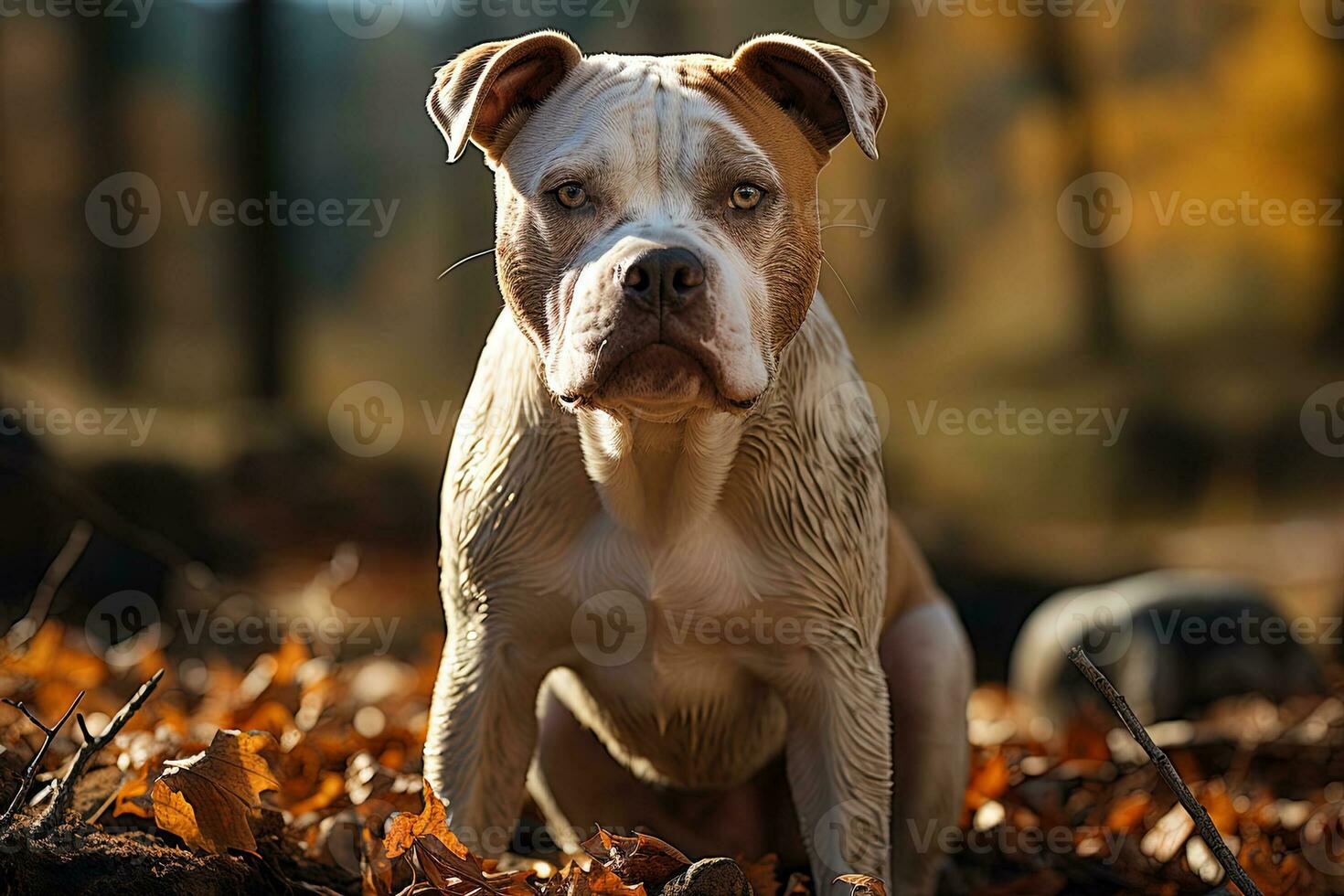 AI generated Portrait of a American Bulldog on a nature, close up photo, neutral light. Ai art photo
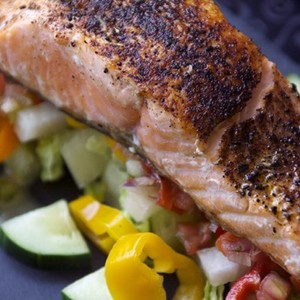 Chocolate Chipotle Seared Salmon Salad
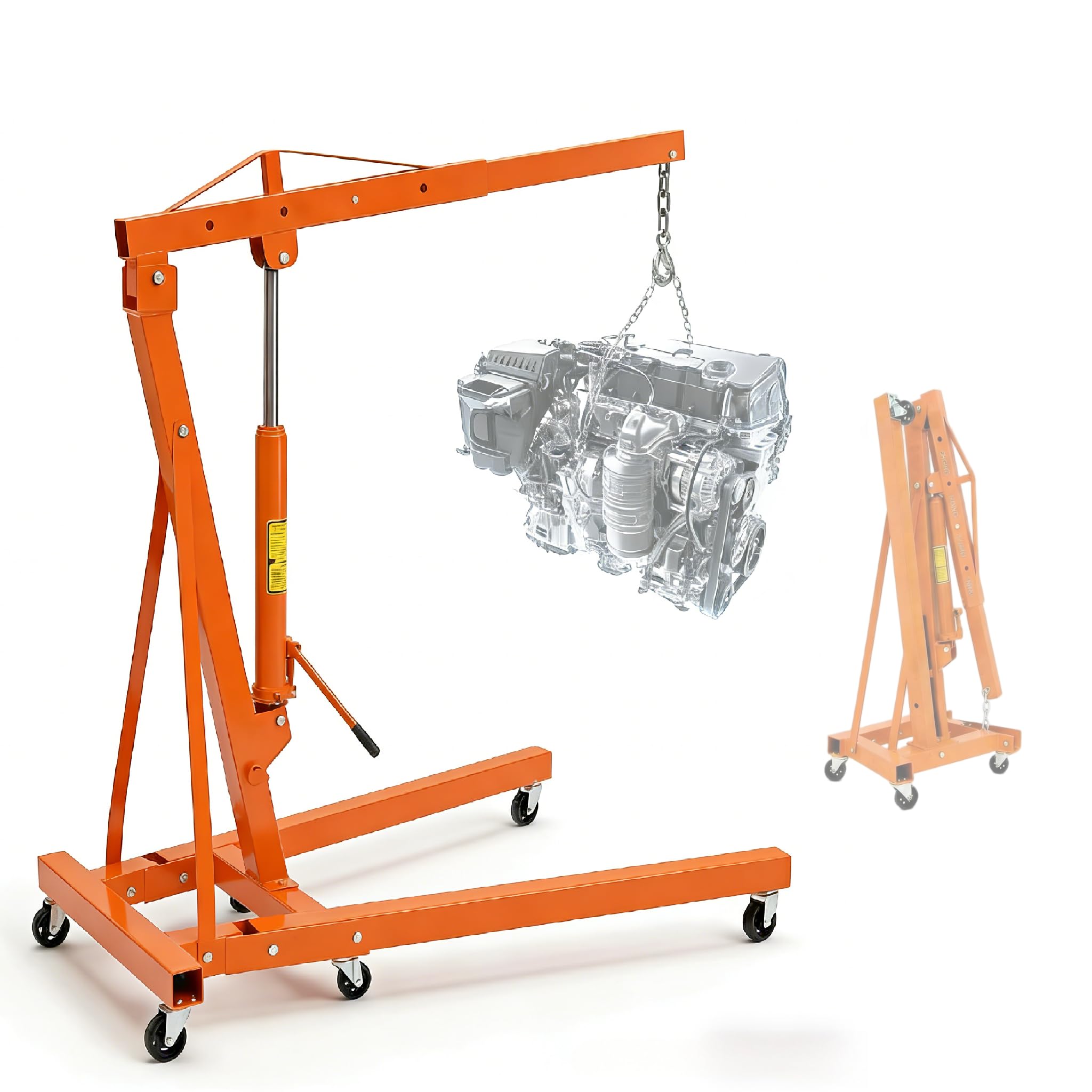 Garvee 2-Ton Engine Hoist - 4400 lbs Folding Hydraulic Cherry Picker, Heavy-Duty Shop Crane with 6 Caster Wheels and 4 Adjustable Boom Positions for Warehouse, Garage, and Workshop, Orange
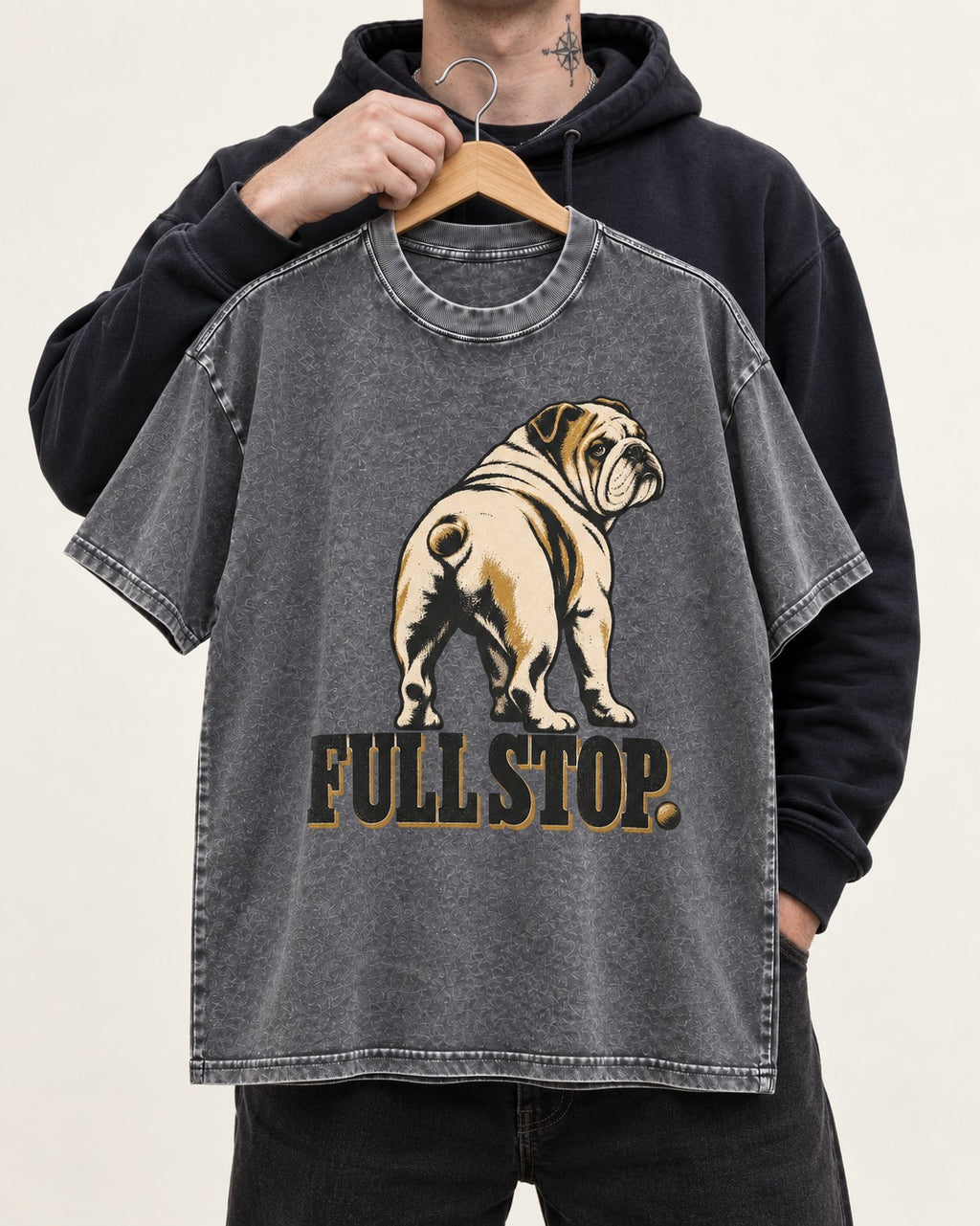 English Bulldog Full Stop Washed Tee in Gray, held up on a hanger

* * * * *

The listing above must be given again exactly, minus its pictures.

 AI generated Portrait of a American Bulldog on a nature, close up photo, neutral light. Ai art photo
 Chocolate Chipotle Seared Salmon Salad
 Garvee 2-Ton Engine Hoist - 4400 lbs Folding Hydraulic Cherry Picker, Heavy-Duty Shop Crane with 6 Caster Wheels and 4 Adjustable Boom Positions for Warehouse, Garage, and Workshop, Orange
 English Bulldog Full Stop Washed Tee in Gray, held up on a hanger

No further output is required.